Provided material
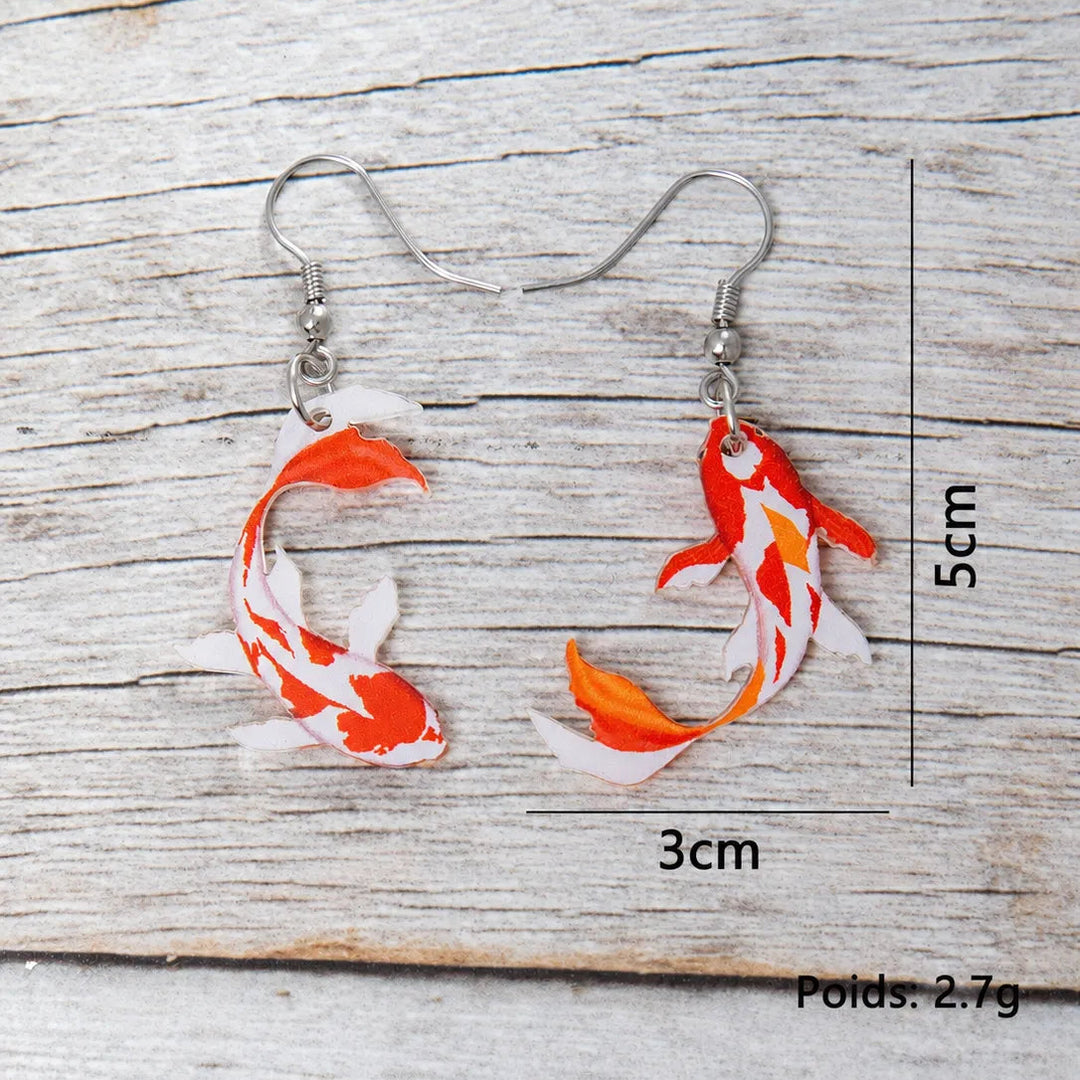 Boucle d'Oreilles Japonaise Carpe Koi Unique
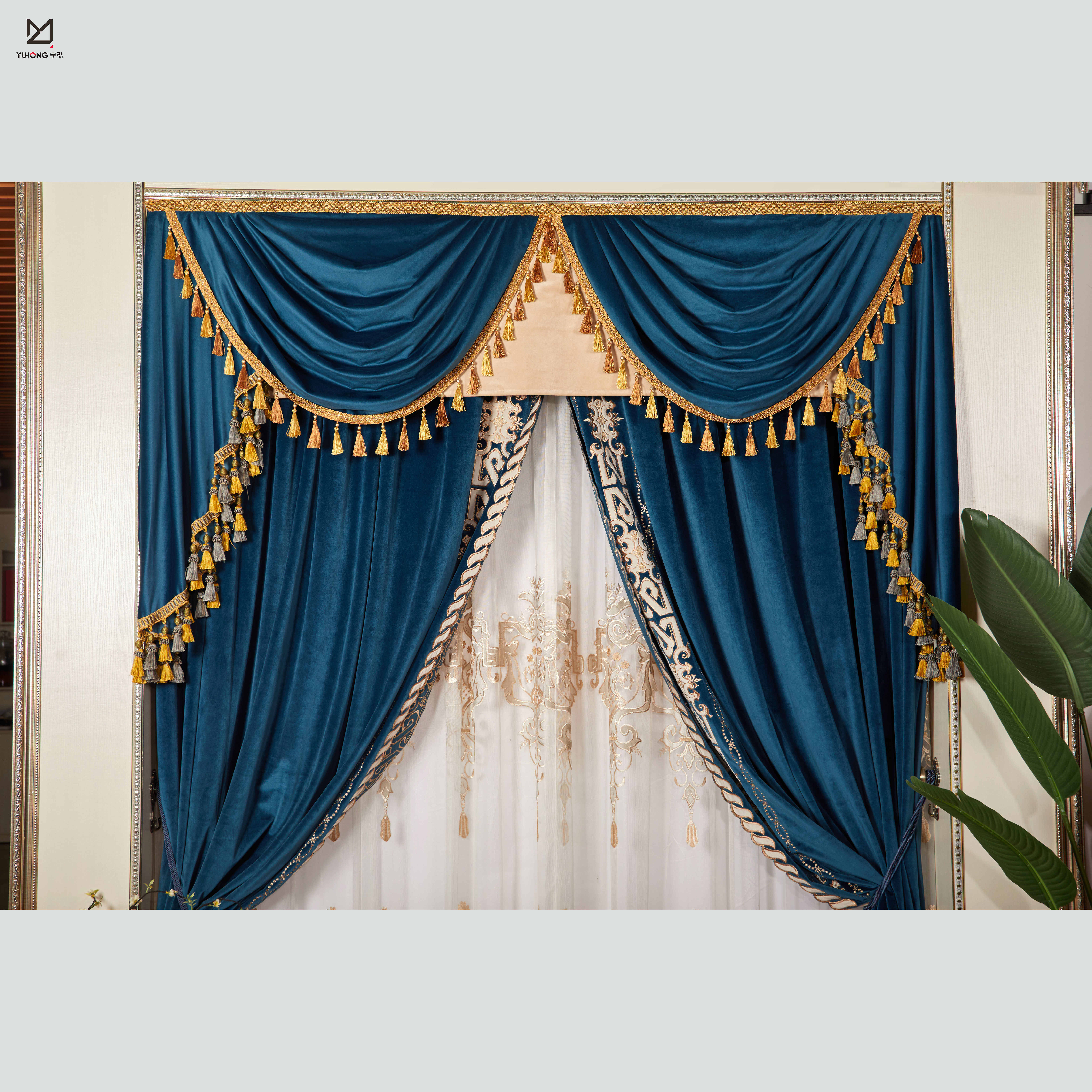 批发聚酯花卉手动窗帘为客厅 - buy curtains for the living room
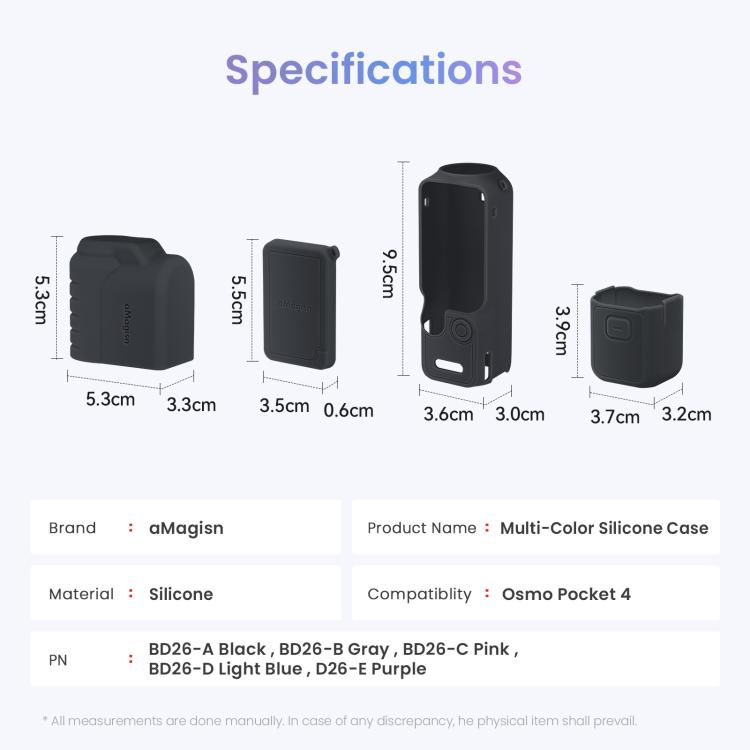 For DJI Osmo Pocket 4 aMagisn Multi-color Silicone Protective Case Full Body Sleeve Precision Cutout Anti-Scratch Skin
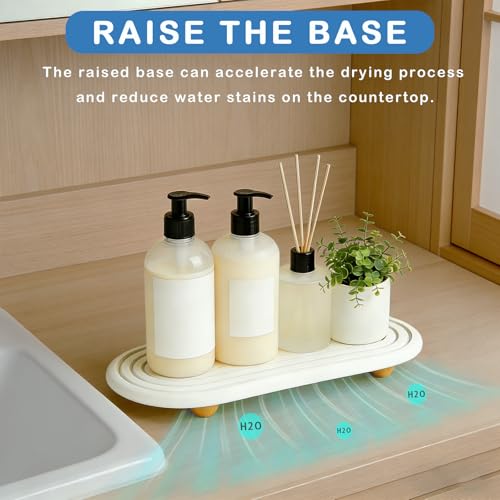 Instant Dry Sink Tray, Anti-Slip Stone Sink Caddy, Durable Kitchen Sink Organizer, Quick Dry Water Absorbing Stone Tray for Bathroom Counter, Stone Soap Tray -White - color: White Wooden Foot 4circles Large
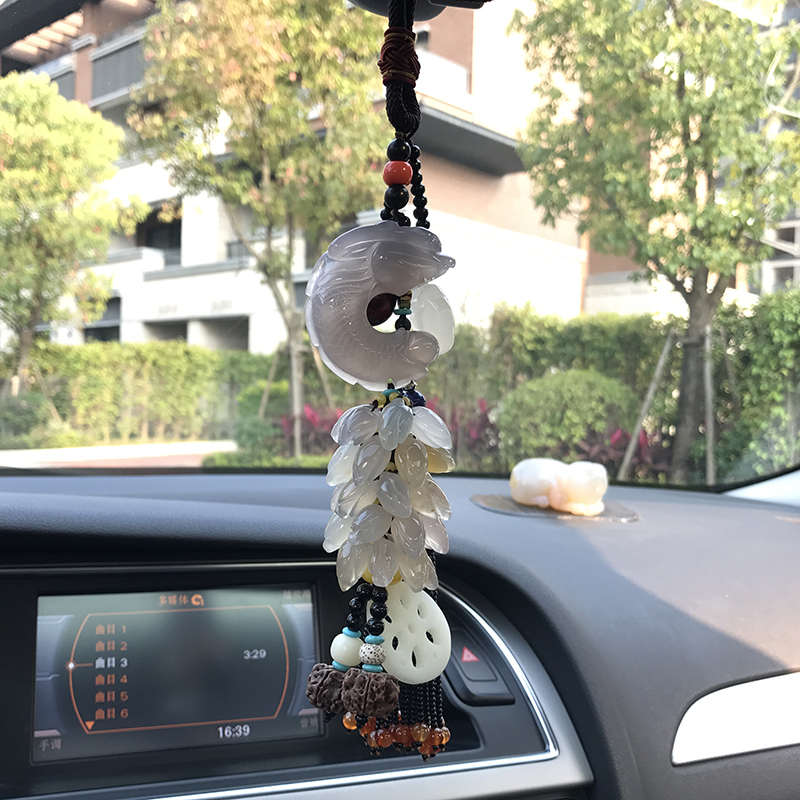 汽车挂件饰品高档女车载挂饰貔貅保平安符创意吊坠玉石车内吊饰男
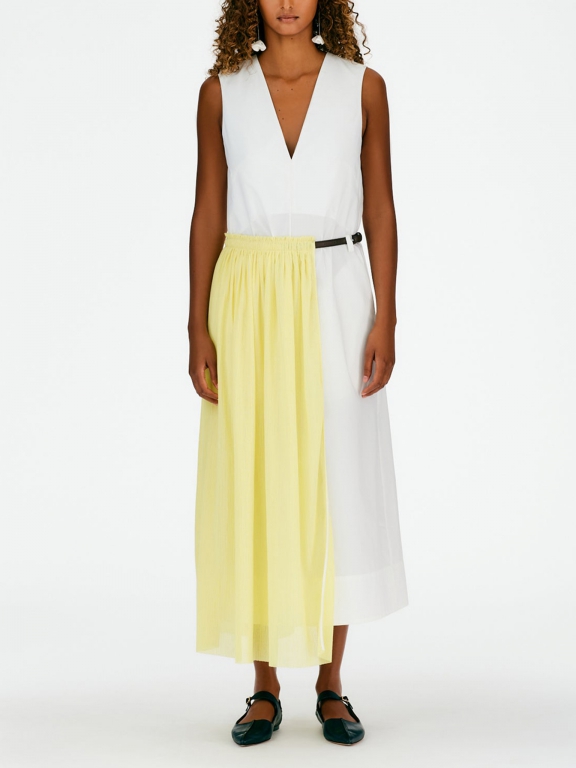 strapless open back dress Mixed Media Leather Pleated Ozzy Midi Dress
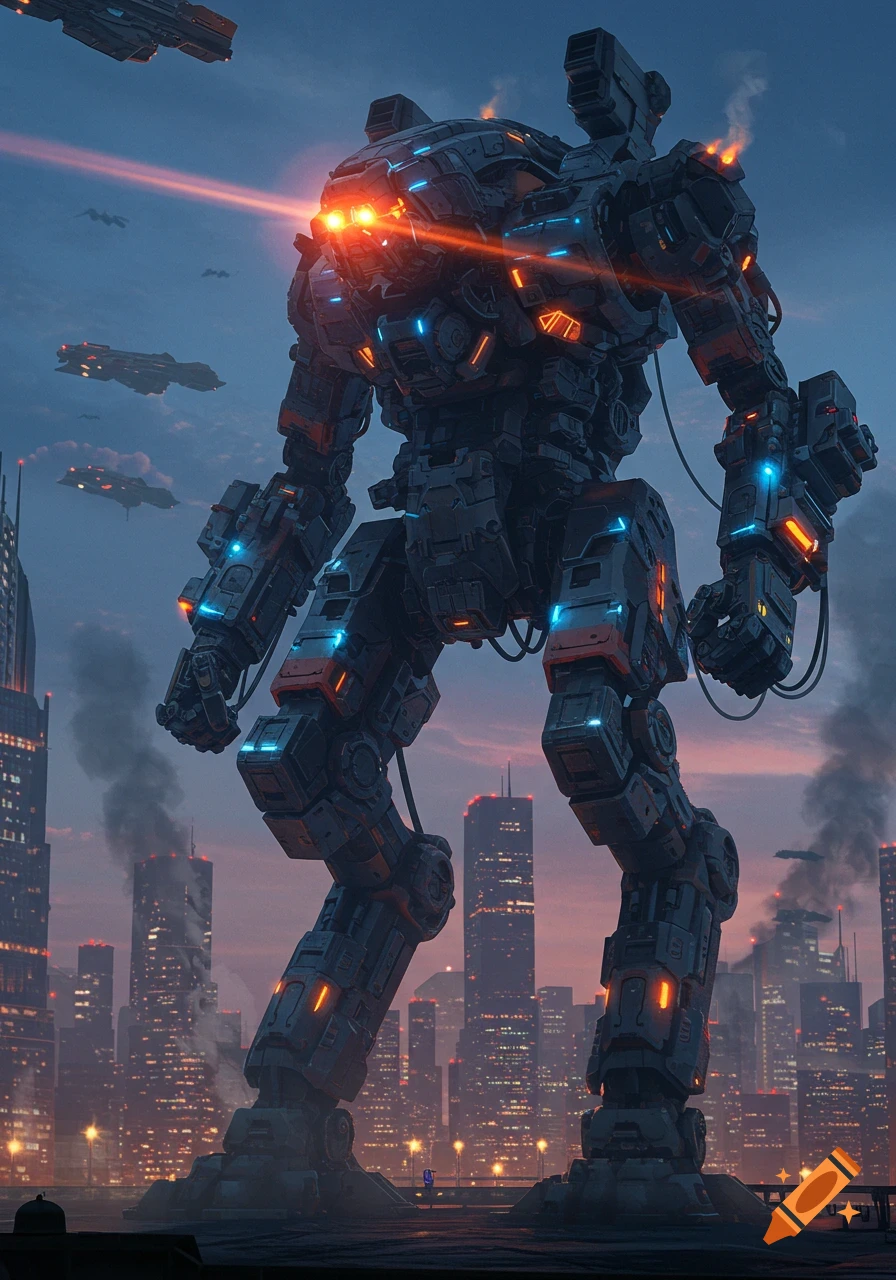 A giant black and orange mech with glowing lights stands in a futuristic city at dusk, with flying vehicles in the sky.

What to produce
Give back exactly the lines from the line with "For DJI Osmo" through the end of the material above, inclusive, with no pictures.

Response to this exercise
 For DJI Osmo Pocket 4 aMagisn Multi-color Silicone Protective Case Full Body Sleeve Precision Cutout Anti-Scratch Skin
 Instant Dry Sink Tray, Anti-Slip Stone Sink Caddy, Durable Kitchen Sink Organizer, Quick Dry Water Absorbing Stone Tray for Bathroom Counter, Stone Soap Tray -White - color: White Wooden Foot 4circles Large
 汽车挂件饰品高档女车载挂饰貔貅保平安符创意吊坠玉石车内吊饰男
 strapless open back dress Mixed Media Leather Pleated Ozzy Midi Dress
 A giant black and orange mech with glowing lights stands in a futuristic city at dusk, with flying vehicles in the sky.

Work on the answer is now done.